1866. Machine Learning Analysis of Two-Dimensional Breast Ultrasound to Classify Triple Negative Breast Cancer and HER2+ Breast Cancer Subtypes
Authors * Denotes Presenting Author
  1. Janne Elst *; Sunnybrook Health Sciences Center
  2. Sean Senthilnathan; Sunnybrook Health Sciences Center
  3. Andrew Lagree; Sunnybrook Health Sciences Center
  4. William Tran; Sunnybrook Health Sciences Center
  5. Belinda Curpen; Sunnybrook Health Sciences Center
Early diagnosis of triple-negative (TN) breast cancer and human epidermal growth factor receptor 2 positive (HER-2+) breast cancer is important due to their more aggressive biological characteristics, poorer clinical outcomes, and limited or targeted options for therapy, respectively. The aim of this study is to evaluate the diagnostic performance of machine learning in differentiating newly diagnosed malignant breast masses into TN versus non-TN and HER-2+ versus HER-2 negative (HER-2-) breast cancer based on conventional ultrasound (US) b-mode imaging.

Materials and Methods:
A retrospective chart review was carried out, which identified 88 adult female patients who underwent diagnostic US, US guided core biopsy of the breast, and had invasive malignancy confirmed with pathology, between 2011-2019 in the Rapid Diagnostic Unit. Cases were classified as: TN versus non-TN and HER-2+ versus HER-2- breast cancer according to the molecular subtyping performed by the pathology department. Ultrasound breast masses were annotated by a board-certified radiologist with 25 years of experience and a Women’s Imaging fellow. First and second order radiomic features were extracted, per image, using open-source software (i.e. HistomicsTK1, PyRadiomics2). A stepwise discriminant function was used, which selected the most relevant and correlated features (selection criterion; r2>0.8, features=8). Supervised machine learning classifiers included: 1) logistic regression, 2) support vector machine, and 3) k-nearest neighbor. Within the machine learning frameworks, all data were partitioned into a 3:1 ratio. 10-fold cross-validation was applied to the training dataset to optimize the efficacy and generalization of the models. Area under the receiver operating characteristic (ROC) curve (AUC), sensitivity, and specificity were calculated for both the TN and HER-2 models. The unseen (test) dataset was used to report classification performance.

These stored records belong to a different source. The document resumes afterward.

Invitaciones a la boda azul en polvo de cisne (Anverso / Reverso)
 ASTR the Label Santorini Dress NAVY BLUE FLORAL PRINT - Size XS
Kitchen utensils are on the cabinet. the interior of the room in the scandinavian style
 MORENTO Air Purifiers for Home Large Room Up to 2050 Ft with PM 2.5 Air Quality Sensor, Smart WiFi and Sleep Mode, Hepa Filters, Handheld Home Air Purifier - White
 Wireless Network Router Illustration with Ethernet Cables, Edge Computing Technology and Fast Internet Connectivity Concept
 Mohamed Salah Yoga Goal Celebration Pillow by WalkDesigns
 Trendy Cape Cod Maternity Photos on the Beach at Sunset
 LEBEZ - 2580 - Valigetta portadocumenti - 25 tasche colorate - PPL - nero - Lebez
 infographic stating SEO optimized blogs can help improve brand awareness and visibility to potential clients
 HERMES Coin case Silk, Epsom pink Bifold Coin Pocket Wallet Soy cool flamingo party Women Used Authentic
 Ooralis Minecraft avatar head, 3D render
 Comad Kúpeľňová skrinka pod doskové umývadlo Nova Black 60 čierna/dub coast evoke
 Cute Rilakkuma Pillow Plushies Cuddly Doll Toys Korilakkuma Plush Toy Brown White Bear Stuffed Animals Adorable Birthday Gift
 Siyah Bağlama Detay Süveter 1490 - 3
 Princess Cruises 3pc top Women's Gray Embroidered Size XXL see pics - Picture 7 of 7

The logistic regression classifier demonstrated an AUC of 0.824 (sensitivity: 81.8%, specificity: 74.2%) for the TN model, and an AUC of 0.778 (sensitivity: 71.4%, specificity: 71.6%) for the HER2 model.

Machine learning analysis of b-mode breast ultrasound images demonstrated a high diagnostic accuracy in differentiating the TN versus non-TN and HER-2+ versus HER-2- breast cancer subtypes. The identification of potentially more aggressive breast cancer subtypes early in the diagnostic process could help in achieving better prognoses by prioritizing clinical referral and prompting early adequate treatment.